*Exercise aim:* Using the records below, copy exactly the part that opens with the line holding "I'm gonna throw" and closes with the line holding "Hello, my name", minus the pictures.

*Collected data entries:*
______

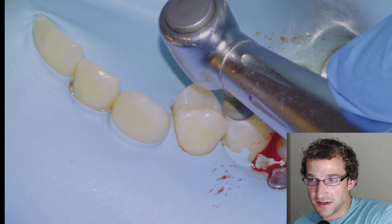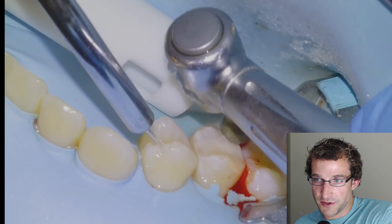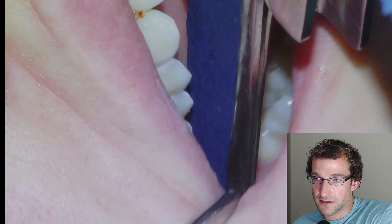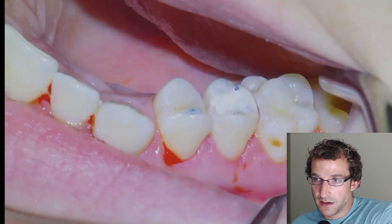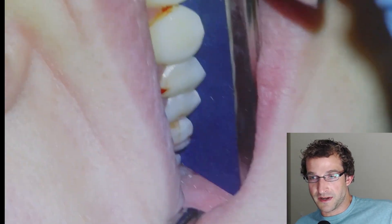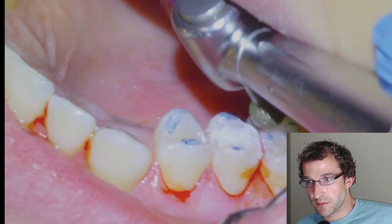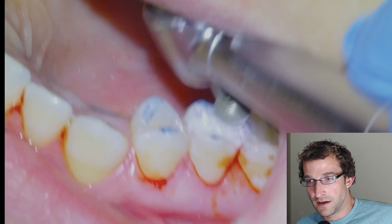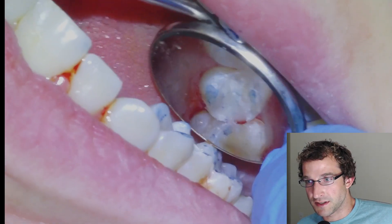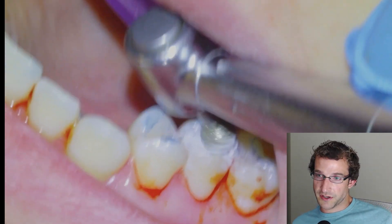Then I'm going to use a super large round diamond on a slow speed — I get this from Strauss — and start checking the bite. Having the patient bite down and grind, we can see a high spot on the restorative material, so we'll take that down until we have contact on the natural tooth. Still a little ways to go, but getting close. We'll make finishing touches and make sure there's no contact on the restorative material.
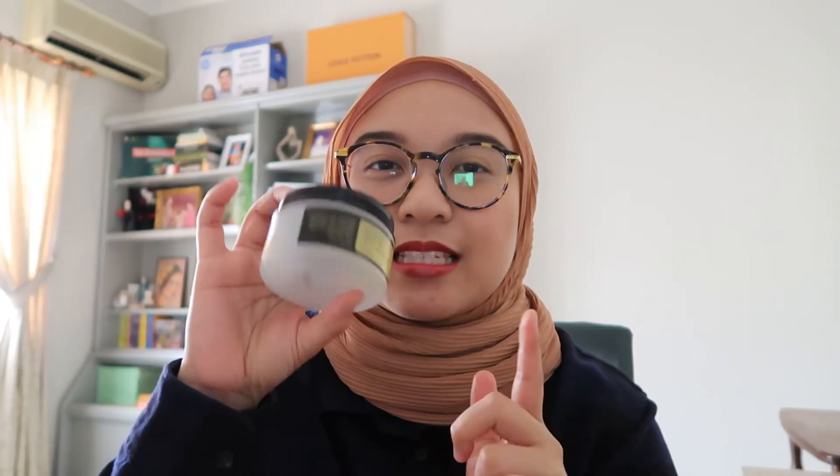Next is also moisturizers. Believe it or not, at night I pack on my moisturizer because I sleep in an air-conditioned room, so doubling my moisturizer actually really helps to keep it plump until the morning. I have two of these and I use both simultaneously most of the time. The first one is the Cosrx Advanced Snail 92 All-in-One Cream — it's very goopy. It has snail secretion in it. This one is practically empty and I'm thinking about repurchasing it again.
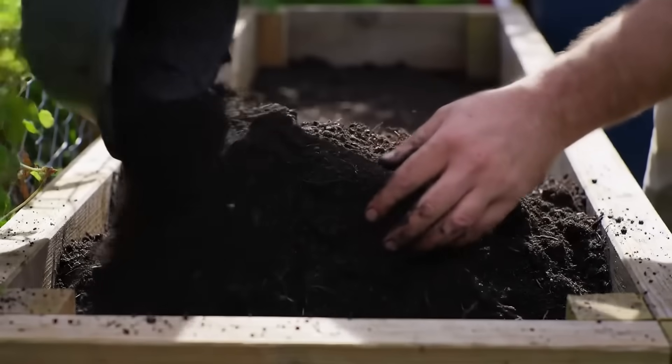I'm gonna throw my hat in the ring as an influencer to tell you how to build a raised bed. I have a bachelor of science in soil science. I've been working in the world of agriculture for a decade and I've been gardening since I was five years old with my grandma.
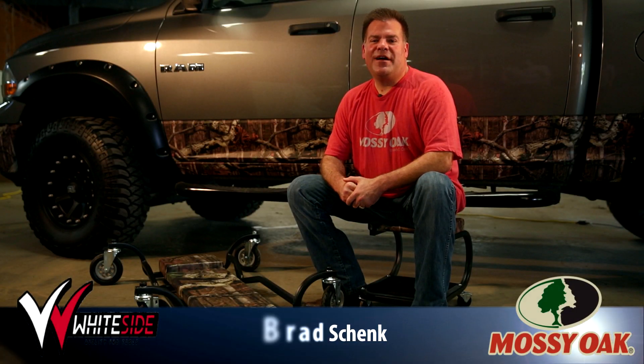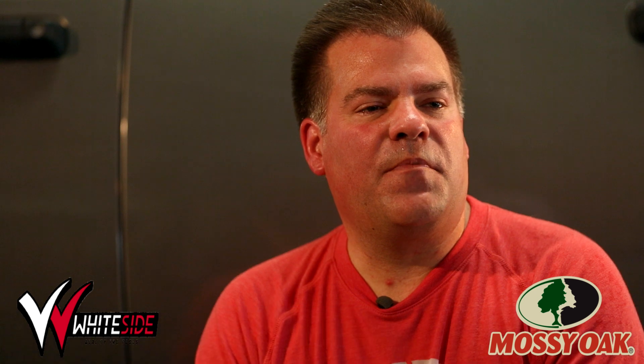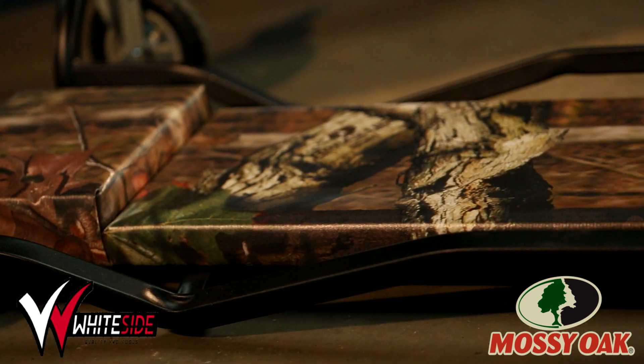Hello, my name is Brad Shank and I'm with Whiteside Manufacturing and I'd like to introduce our new partnership with Montseoak. We've designed some creepers for the outdoor enthusiasts.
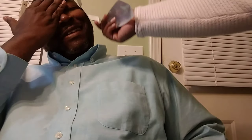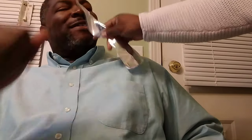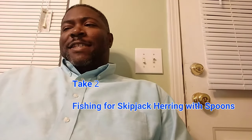I'm trying to film this video about spoons. Like this shiny thing right here? I don't even know what that is. Tell them about the spoons, baby. I'm trying to tell them about the spoons. Tell them, Skipjack Hunter. What's up, Skipjack Hunters? This is your boy, the Skipjack Hunter.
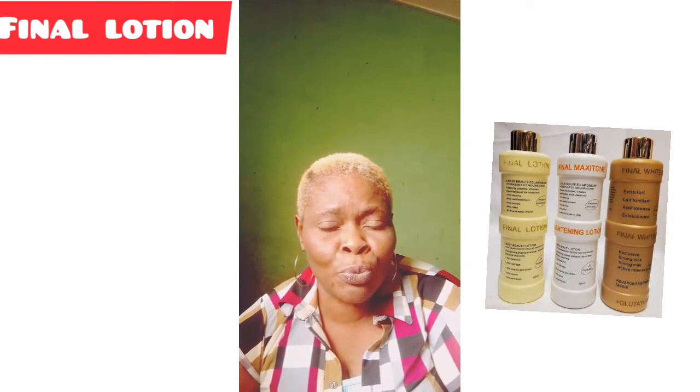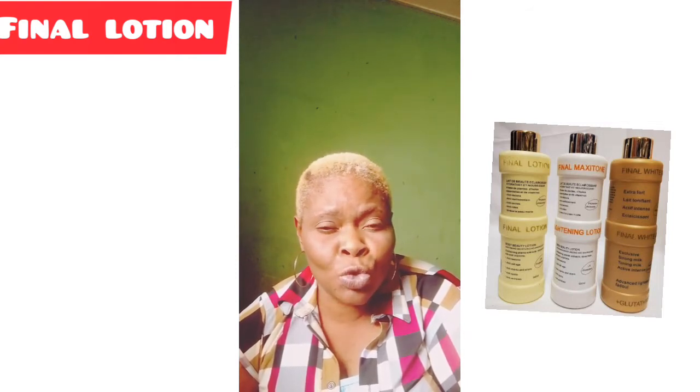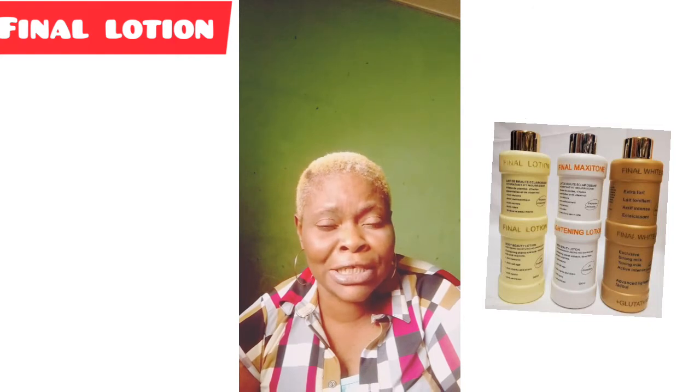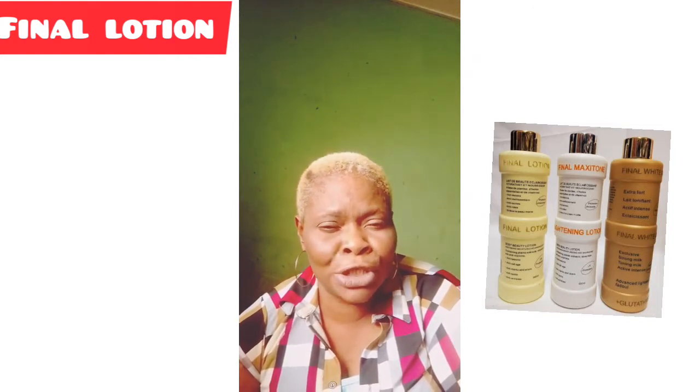It comes in three types. The first is the Final lotion, which is good for those with dry or sensitive skin who want to treat their skin. It is a treatment lotion, and it is also very suitable for pregnant women looking for a lotion to use.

______

*Exercise response:*
I'm gonna throw my hat in the ring as an influencer to tell you how to build a raised bed. I have a bachelor of science in soil science. I've been working in the world of agriculture for a decade and I've been gardening since I was five years old with my grandma.
Hello, my name is Brad Shank and I'm with Whiteside Manufacturing and I'd like to introduce our new partnership with Montseoak. We've designed some creepers for the outdoor enthusiasts.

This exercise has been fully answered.